Першин приходит в кино как режиссер короткого метра. Среди дебютных работ фильмы: «Пушкин. Дуэль», «Проклятие» и другие. В этих картинах уже появляются отдельные элементы будущего стиля режиссера. Фабула «Пушкин. Дуэль» — толпы Александров Сергеевичей Пушкиных (в буквальном смысле слова) бродят по современной Москве, сбиваются в группы, занимаясь мелким грабежом, потасовками и пр. Затем следует коллективный танец, естественно на Пушкинской площади перед памятником Пушкину, и дуэль — все персонажи наставляют друг на друга дуэльные пистолеты и убивают друг друга, имитируя губами звук выстрела. В качестве кинематографического источника можно предполагать классическую трюковую комедию слэпстик. Персонажи Першина воспроизводят модель комической, известной со времен Максеннета. Там типовыми двигателями сюжета были толпы полицейский (или кого-либо еще), как правило, бессмысленно бегающих по городу по ничтожному поводу, например преследуемые маленькой собачонкой. Стилевая модель слэпстика (дословно битье палкой) требовала и всех сопутствующих — бессмысленные разрушения, трюки различного свойства (лазание по оградам, деревьям, падения, бросание кремовых тортов и пр.). Напомним, что в этой модели большую часть карьеры работали и отцы-основатели классической немой комической — и Чаплин, и Китон, и Ллойд, и Фатти Арбакл и многие другие. В к/м фильме «Проклятие» главную и единственную роль провинциального актера-аутсайдера блестяще исполнил В. Трибунцев. Фильм снят субъективной камерой; пространство кадра — обстановка кастинга (стена павильона, ширмы и пр.), который проводит некий будущий автор, так и оставшийся за кадром. Театральный актер периферийного тюза пытается обмануть потенциального работодателя и сообщает на кастинге (обращаясь прямо в камеру), что он — звезда европейских сериалов.
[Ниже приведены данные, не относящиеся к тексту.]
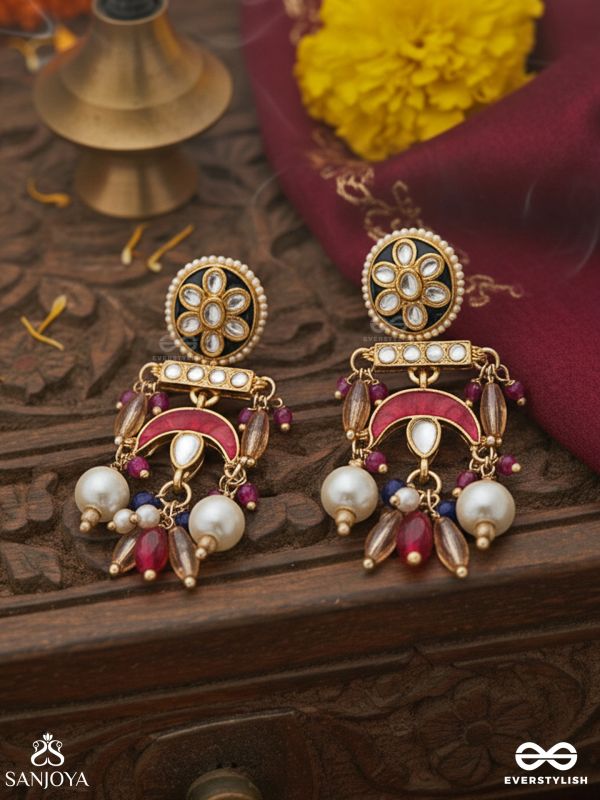 MANIRAJANI – QUEEN OF GEMS – STATEMENT KUNDAN EARRINGS WITH MULTI-CHAIN DESIGN AND PEARL DROPS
Однако обман не удается, и герой Трибунцева разражается исповедальным монологом о том, что он есть не что иное как актер-неудачник.
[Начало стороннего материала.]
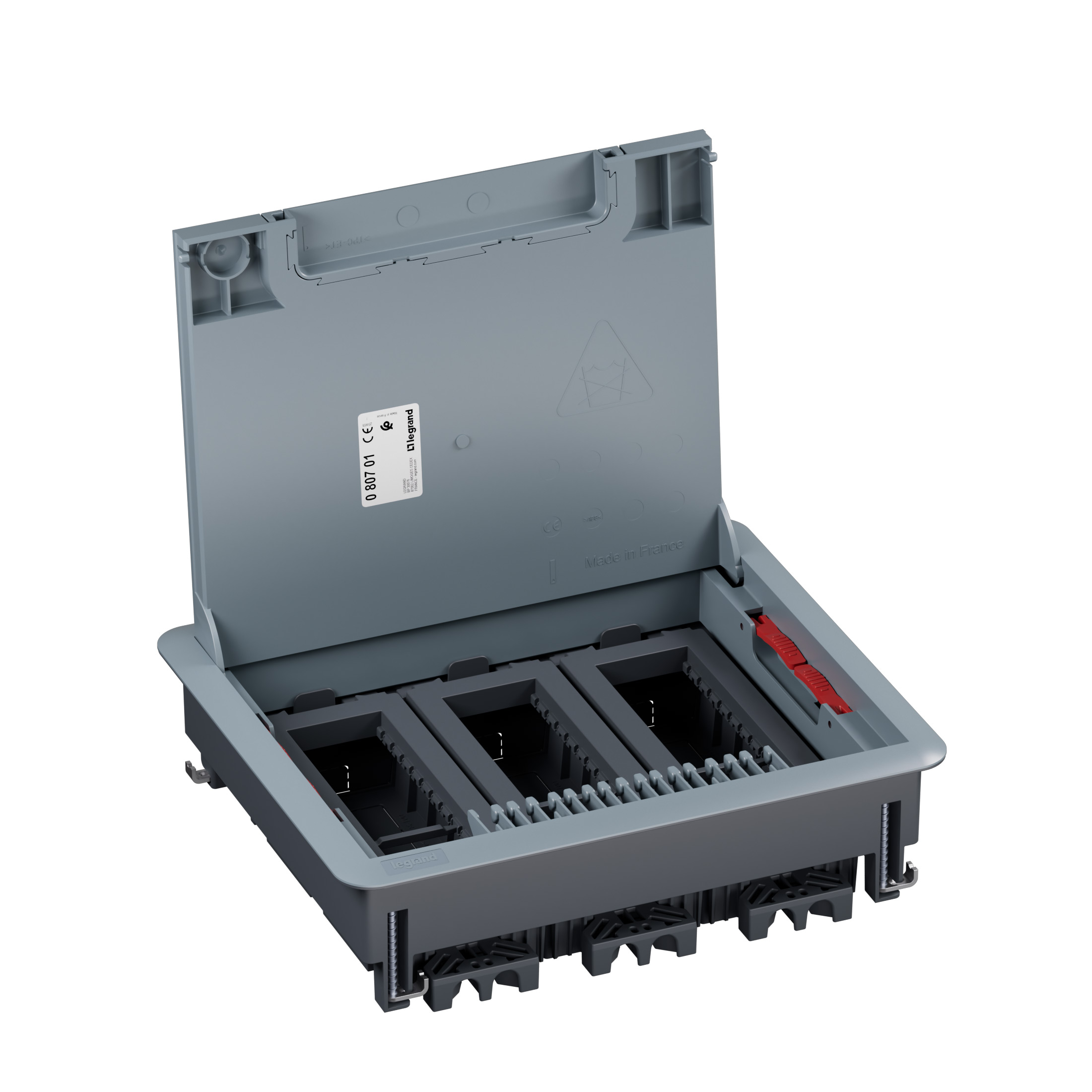 080701 Подова кутия с рамка за двоен под, ABS, хоризонтални 18М (3х6), Legrand_small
С точки зрения формирования стиля режиссера интересен выбранный главный герой, который балансирует на грани социального фола, хотя формально не является маргиналом — работает в театре, играет на сцене, не простаивает и пр. Тем не менее, персонаж страдает оттого, что не может реализовать себя: это обстоятельство, — нерелизованность по каким бы то ни было причинам, ошибочное место в жизни, экзистенциальная пустота, непонимание своего предназначения — становится главным двигателем многих героев Першина. Логичный итог развития этих персонажей — телесериал «Звоните ДиКаприо!». В «Проклятии» появляются и такие характерные для стиля режиссера элементы, как употребление инвективной лексики, проявление персонажем нелогичных действий, дезориентация либо асоциальное поведение и пр. В этой короткометражке герой Трибунцева очевидно не понимает, что после произнесенного монолога собеседоваться далее нецелесообразно, бессмысленно и невозможно. Однако актер тем не менее бежит за гитарой с тем, чтобы спеть песни собственного сочинения, которые поет от имени кота Василия из детского спектакля на сцене своего тюза. Короткометражка приобрела громадную популярность в Ютубе, став вирусным видео2.
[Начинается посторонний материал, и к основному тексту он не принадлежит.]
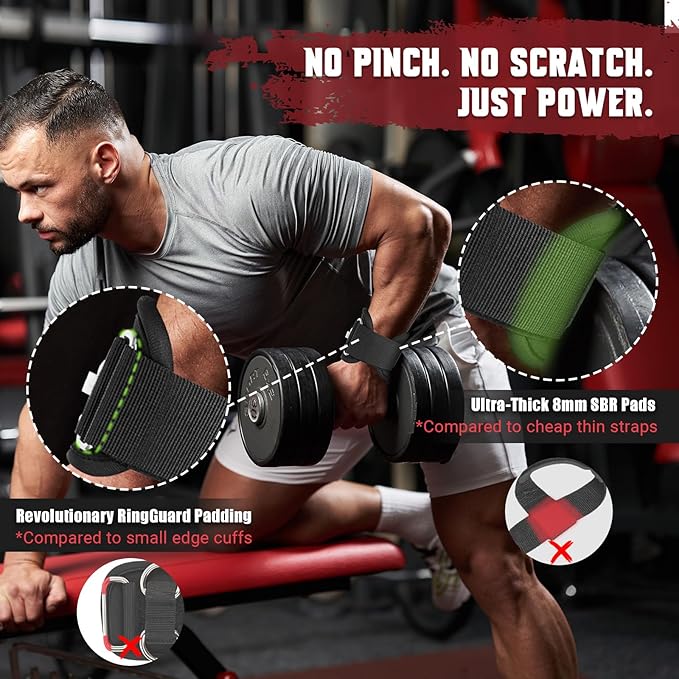 Weight Lifting Straps with Rings, 2 in 1 for Weightlifting & Cable Machine | Wrist Straps with Double Triangle Rings and Non-slip Latex Thread, Lifting Cuffs for Home Gym Workout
Полнометражным дебютом в игровом кино Першина становится фильм Горько (2013), в титрах которого впервые появляется псевдоним Жора Крыжовников. Проект создавался как зрительское кино с вполне трафаретными персонажами и сюжетом: свадьба, знакомство родителей и собственно, торжество, окончившееся безобразно, как писали классики, «...и дело не обошлось без увечья». Жанровая основа фильма, конечно, — типичная трюковая комическая: много бессмысленных поступков персонажей, нелепых положений, потасовок и т. д. и т. п. Для разработки нарратива использовано клише — субъективная камера, весь фильм (большая часть) формально является смонтированной любительской съемкой, сделанной братом жениха. Визуальный стиль включает сопутствующие элементы «хоум видео»: ручная камера, тряска, ошибки в композиции кадра, эллипсисы. Последние — обычно называются «джамп-катами», — начиная с этого фильма, будут часто использоваться режиссером в качестве нарративных лакун, позволяющих управлять логикой развития фильма (акцентировать нужные сцены, устранять ненужные длинноты и пр.). «Горько» начинается с предсвадебного интервью молодоженов и приблизительно до середины фильма рассказ молодых перебивается позже «отснятым» материалом: подготовка к торжеству.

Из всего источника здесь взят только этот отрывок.